Czy Polacy polecą jak… ptacy?
Rozpoczyna się kolejna edycja Pucharu Świata w skokach narciarskich, a polscy skoczkowie przygotowują się do wyjątkowego sezonu. W tym roku do kalendarza zawodów dołącza trzecia polska skocznia w Szczyrku. Będziemy więc mieli PolSki turniej.
Rozpoczyna się kolejna edycja Pucharu Świata w skokach narciarskich, a polscy skoczkowie przygotowują się do tego wyjątkowego sezonu. W tym roku do kalendarza zawodów dołącza trzecia polska skocznia w Szczyrku. Będzie więc PolSki turniej. Z tej okazji rozmawialiśmy z prezesem Polskiego Związku Narciarskiego, Adamem Małyszem, który podkreśla, że sezon będzie niezwykły dla polskiej drużyny.
Dzięki dołączeniu trzeciej polskiej skoczni do kalendarza Pucharu Świata, sezon nabierze dodatkowego prestiżu. PolSki turniej ma ambicje dorównać słynnemu Turniejowi Czterech Skoczni czy norweskiemu Raw Air. Konkursy odbędą się w dniach 13-20 stycznia, bezpośrednio po rywalizacji w TCS. Adam Małysz, prezes PZN, podkreśla, że głównym celem dla skoczków będą jednak Mistrzostwa Świata w lotach narciarskich, ale każdy z zawodników będzie walczył o dobre wyniki w różnych klasyfikacjach.
Polskie konkursy będą ważne nie tylko dla skoczków, ale także dla kibiców. Partnerstwo między Superbet a PZN przyniosło nowe możliwości dla fanów, a podczas zawodów planowane są liczne atrakcje i strefy kibica. Warto już dziś zarezerwować sobie czas w styczniu 2024 roku. Adam Małysz zaznacza, że oprócz nowego obiektu w Szczyrku, duże zamiany przeszła skocznia w Wiśle-Malince. PolSki turniej ma zwiększyć zainteresowanie kibiców, a styczniowy termin dla Wisły jest pozytywną informacją zarówno dla fanów, jak i organizatorów oraz zawodników.
Ten sezon będzie także okazją do obserwacji formy polskich skoczków, w tym Kamila Stocha. Piotr Żyła, który w poprzednim sezonie osiągnął imponujące wyniki pomimo 36 lat na karku, już jest porówny do legendarnego Noriakiego Kasai. Adam Małysz jest przekonany, że Żyła jest jednym z niewielu zawodników, którzy mogą myśleć o bardzo długiej karierze w skokach narciarskich.

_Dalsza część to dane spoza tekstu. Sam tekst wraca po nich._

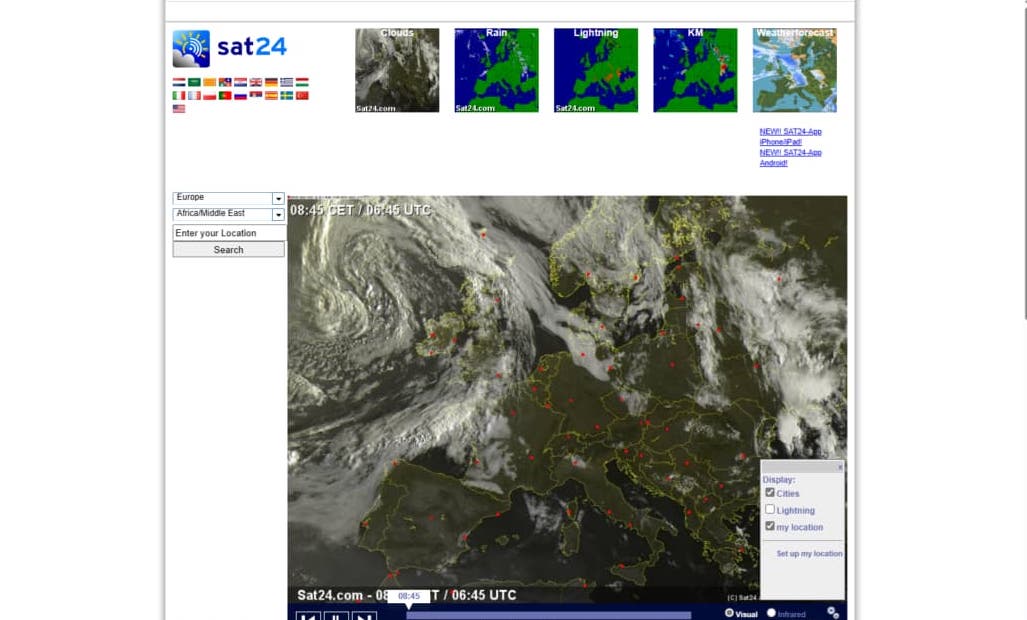 Service for free satellite images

Kto jest faworytem tego sezonu? Dominacja kwartetu Granerud, Kraft, Lanisek, Kubacki może być kontynuowana, ale zawsze istnieje szansa, że nowi zawodnicy dołączą do światowej czołówki. Adam Małysz wskazuje na potencjalnych pretendentów do sukcesów, takich jak Niemiec Andreas Wellinger czy Austriak Daniel Tschofenig.
Początek sezonu w Kuusamo przyniesie więcej odpowiedzi na pytania o formę poszczególnych zawodników, ale jedno jest pewne – kibice mogą spodziewać się emocjonującego sezonu pełnego niespodzianek i wspaniałych skoków.
Po skokach kwalifikacyjnych w Kuusamo okazało się, że polskie „orły” nie latają jeszcze tak jak nas do tego przyzwyczaili. Może w konkursach będzie lepiej.